ZGFM
- Gisborne; New Zealand;
- Frequency: 90.9 MHz

Programming
- Language: English language
- Format: Adult contemporary

Ownership
- Owner: Radio New Zealand until 1996 The Radio Network after 1996

History
- Former call signs: 2ZG

Technical information
- Transmitter coordinates: 38°39′59″S 178°01′22″E﻿ / ﻿38.66625°S 178.02269°E

Links
- Webcast: Livestream
- Website: Official website

= ZGFM =

ZGFM was a radio station in Gisborne, New Zealand.

The station was originally started by Radio New Zealand on 1010 AM with the callsign 2XG. The station callsign and branding was later changed to 2ZG.

In 1978 2ZG moved to 945AM, the change in frequency was due to the New Zealand AM band changing from 10 kHz frequency spacing to 9 kHz spacing. Coinciding with the change, the station became known on air as The Coaster 2ZG.

The Coaster 2ZG began broadcasting on 90.9FM during the 1990s and was rebranded as ZGFM.

In July 1996 the New Zealand Government sold off the commercial arm of Radio New Zealand, the sale included ZGFM. The new owner was The Radio Network, a subsidiary of APN News & Media and Clear Channel Communications, which operated as a division of the Australian Radio Network.

In 1998 The Radio Network grouped all their local stations in smaller markets together to form the Community Radio Network. ZGFM continued to run a local breakfast show between 6am and 10am but outside breakfast all stations part of the Community Radio Network took network programming from a central studio based in Taupo.

In 2001 the Community Radio Network was discontinued and all stations become part of the Classic Hits FM network, as a result ZGFM was rebranded as Classic Hits 90.9 ZGFM. The station continued to run a local breakfast but now outside breakfast all programming originated from the Classic Hits studios in Auckland.

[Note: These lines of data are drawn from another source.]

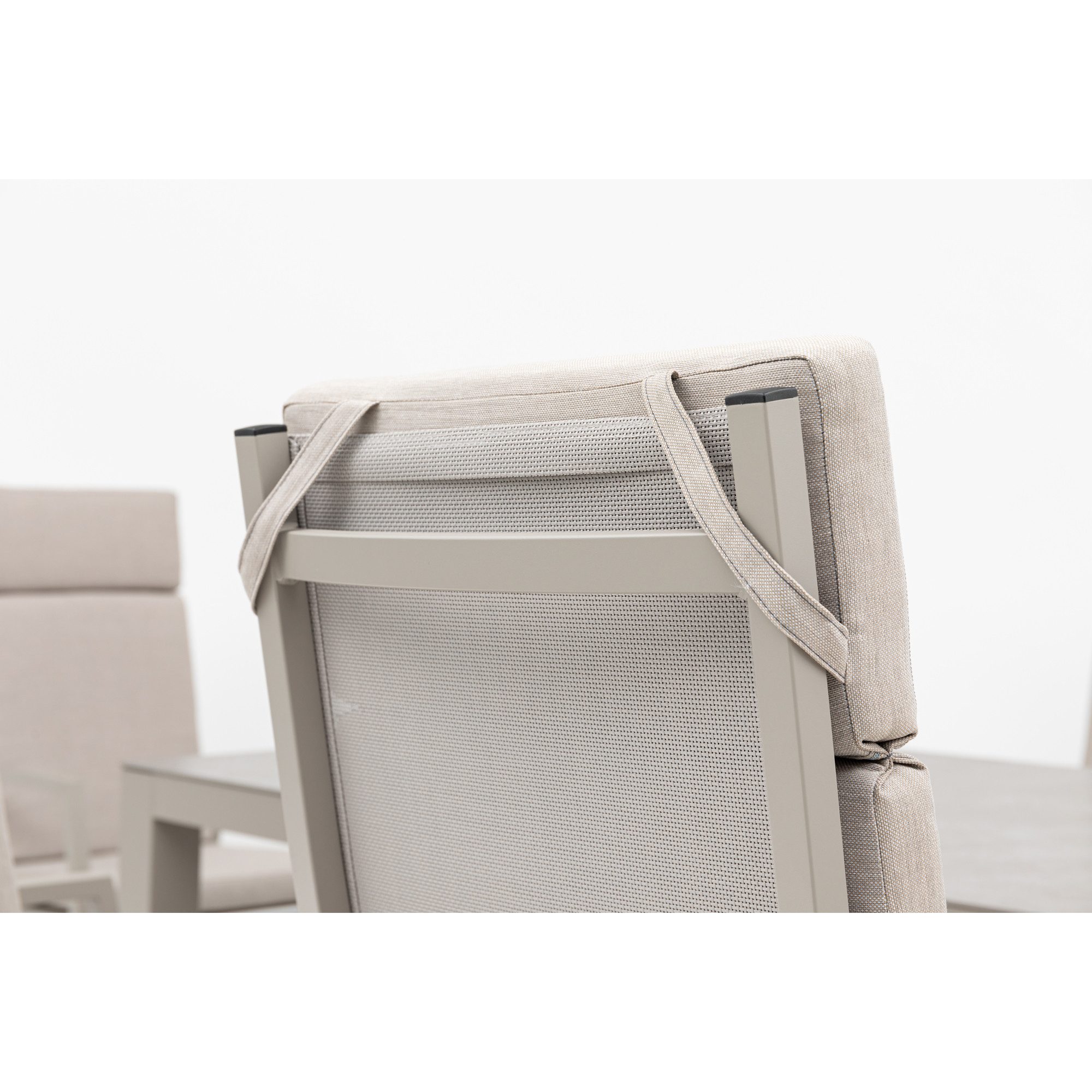 MANDALIKA Garden Gartensessel 2er Set Superior Alu Dining Move Sessel Arctic Rücken verstellbar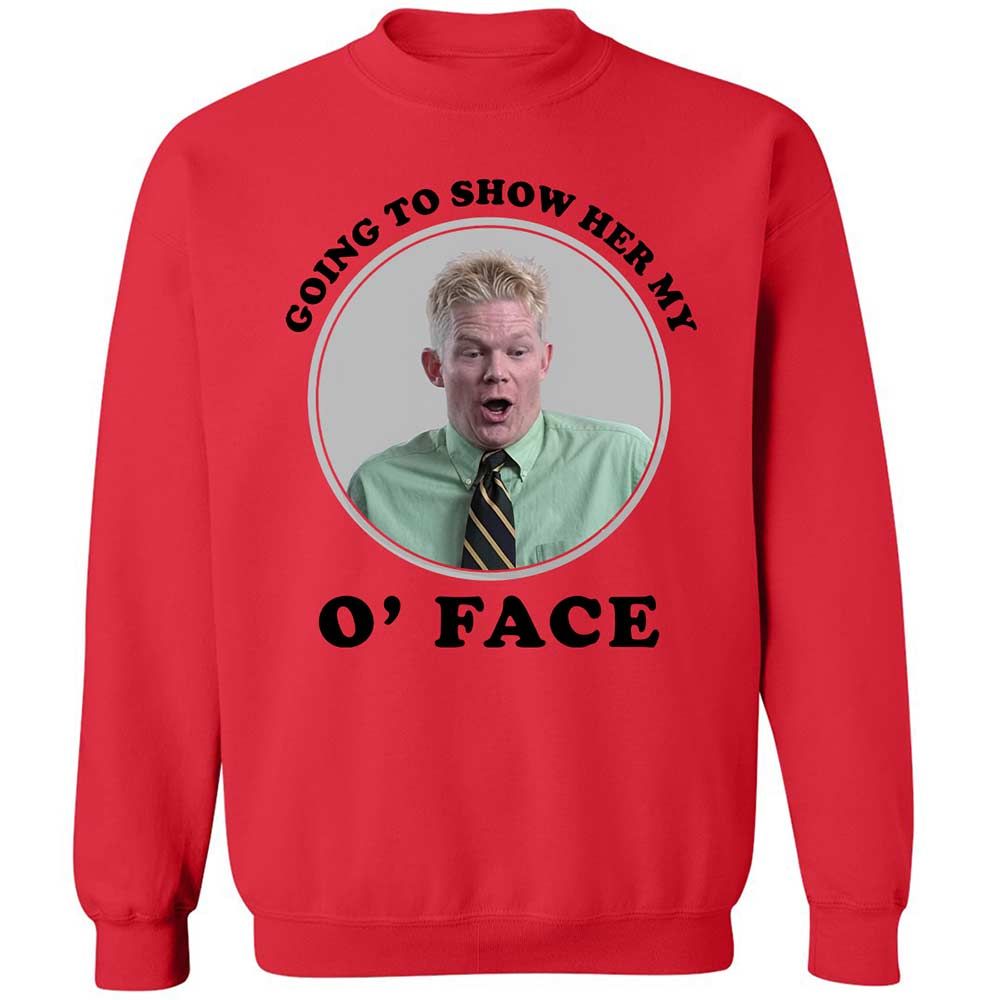Classic Unisex Sweatshirt - 5CN4D5RH - Red - 9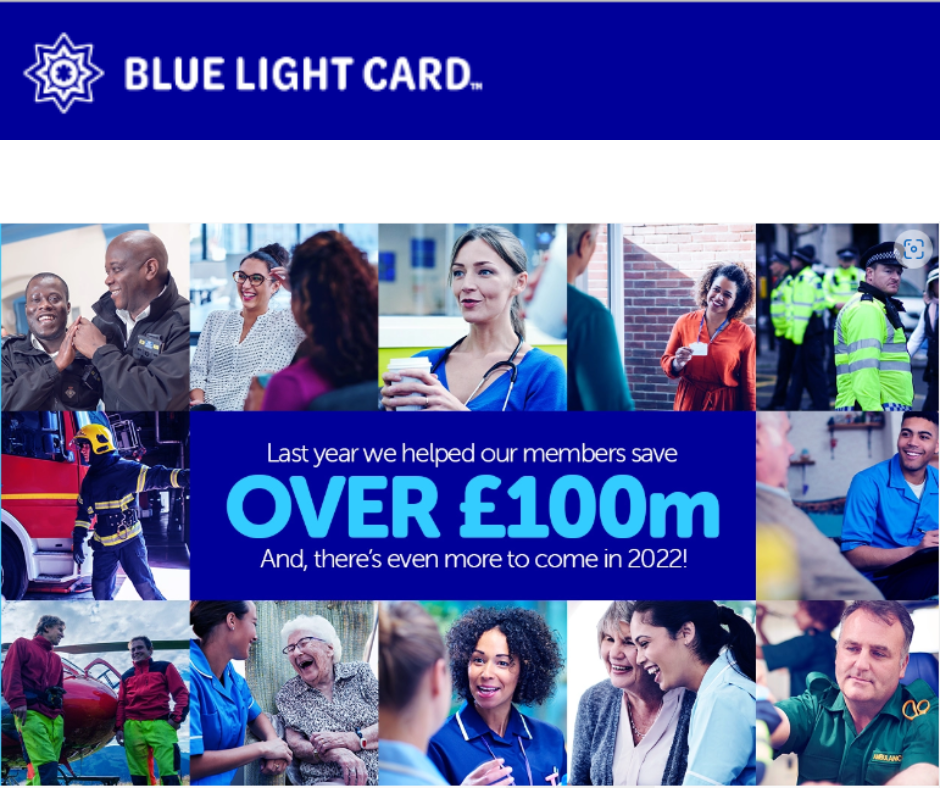 a blue light card advertisement that says last year we helped our members save over £ 100m and there 's even more to come in 2022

The original 945AM frequency was replaced with Newstalk ZB.

On 28 April 2014, all stations part of the Classic Hits network were rebranded as The Hits. A networked breakfast presented by Polly Gillespie and Grant Kareama was introduced to almost all The Hits stations with the former breakfast announcer moved to present a 6-hour show between 9 am and 3 pm. The local 9 am-3 pm show is presented by Connor Ruston.

The studios were located on the corner of Grey Street and Childers Road in Gisborne which has now been reutilised as a restaurant and bar.